Wenn das alles geht liegt der Fehler wohl an deiner Kiste,
vielleicht ne Firewall, die Anfragen an Port 80 auf deiner
Kisten ausm Internet blockiert oder sowas in der Art...

Greetz...
Sinac


----------



## Chipper (30. März 2003)

Ich verwende ein Progrämmchen, das die IP aktualisiert das funktioniert auch, in der Datenbank ist jeweilig immer die richtige IP eingetragen, daran kann es nicht liegen. Ausserdem lässt sich ja auf mein FTP Server über den Host zugreifen.
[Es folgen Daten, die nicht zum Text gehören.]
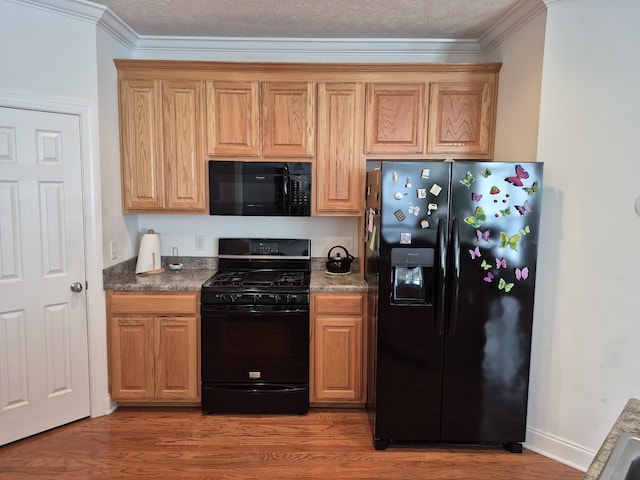 kitchen with ornamental molding, black appliances, light wood-style floors, a textured ceiling, and dark countertops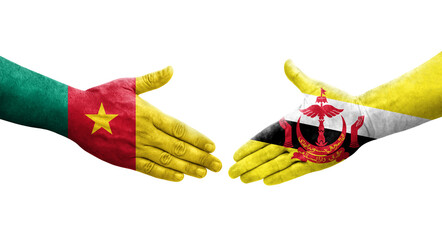 Handshake between Brunei and Cameroon flags painted on hands, isolated transparent image.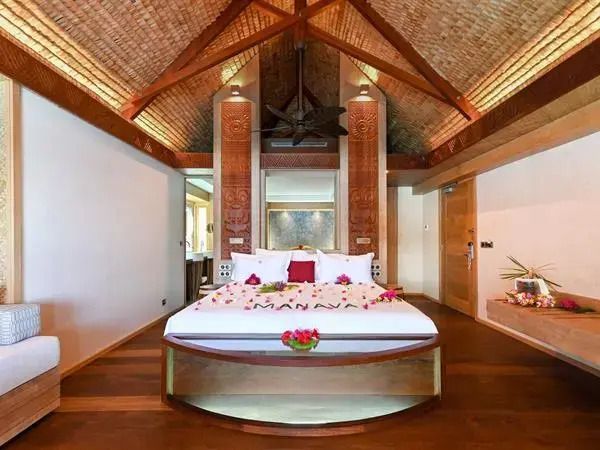 Großzügiges Schlafzimmer mit Holzdecke und exotischer Dekoration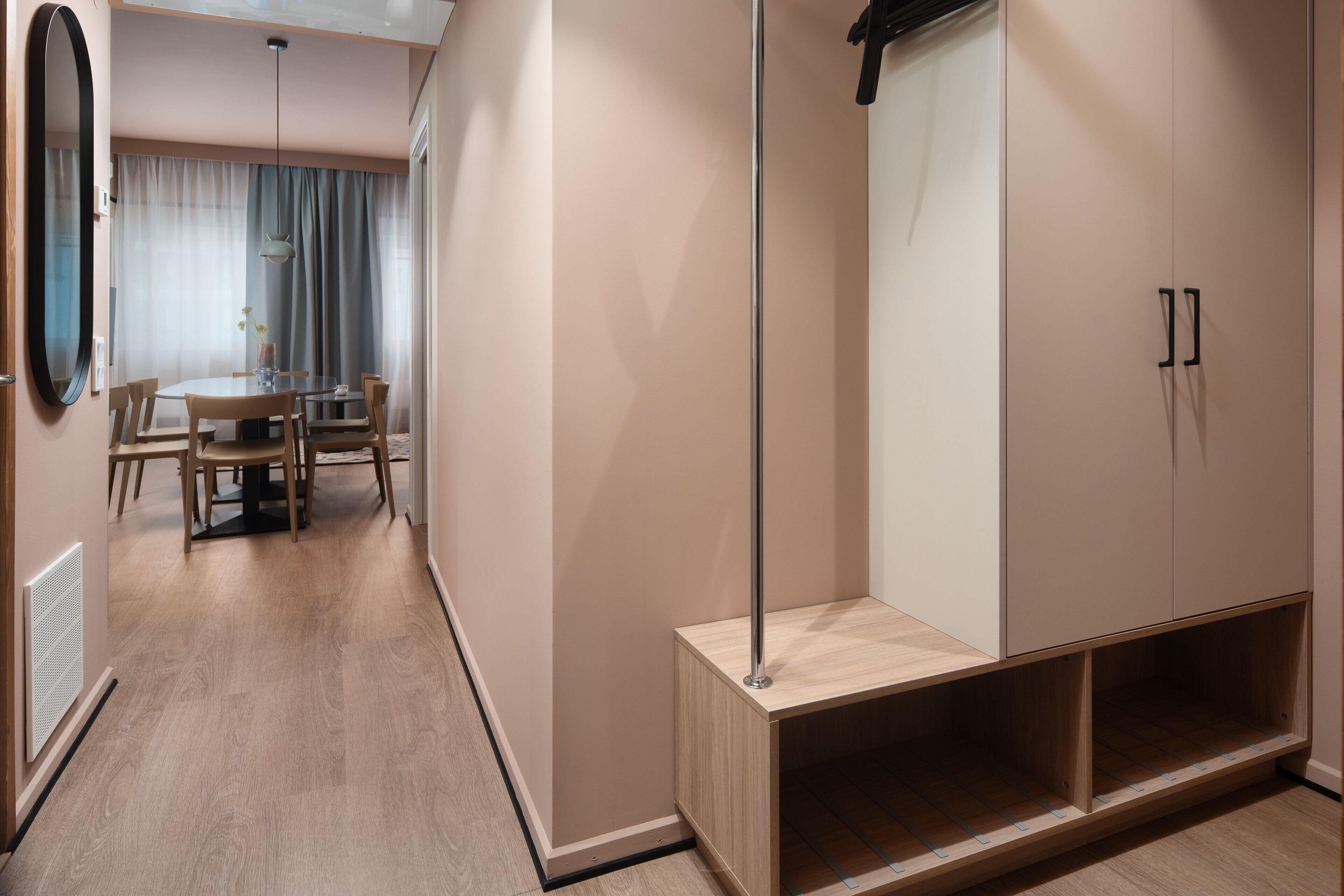 Una habitación moderna con piso de madera, una mesa de comedor con sillas, un espejo grande y un armario con espejo.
Ich vermute eher das der Port 80 dann geblockt wird, allerdings habe ich keine Firewall laufen, die von XP ist auch ausgeschaltet. Was kann ich machen? Das blöde ist das ganze hat ja schon funktioniert! Ich bin um jeden Tip dabkbar!


----------



## Sinac (31. März 2003)

Dann geb Apache nen anderen Port und probiers mal über den...


----------



## Chipper (31. März 2003)

Ich hab den Fehler gefunden, ich habe im Browser die Falsche URL eingegeben, http://www.hostname.ath.cx, anstatt http://hostname.ath.cx. Ich könnte wetten, das mein Server früher mit dem www davor zu erreichen war. Ist es generell so das wenn man bei DYNDNS einen Host hinzufügt der direkt mit dem Namen erreichbar ist, also ohne www davor, oder mache ich was falsch?


----------



## Chipper (31. März 2003)

Hab es selbst herausgefunden, wer lesen kann ist im Vorteil, Häkchen bei enable Wildcard, dann passt es.


----------



## Sinac (31. März 2003)

Herzlichen Glückwunsch =)


----------



## sam (3. April 2003)

aufgeräumt und verschoben...


----------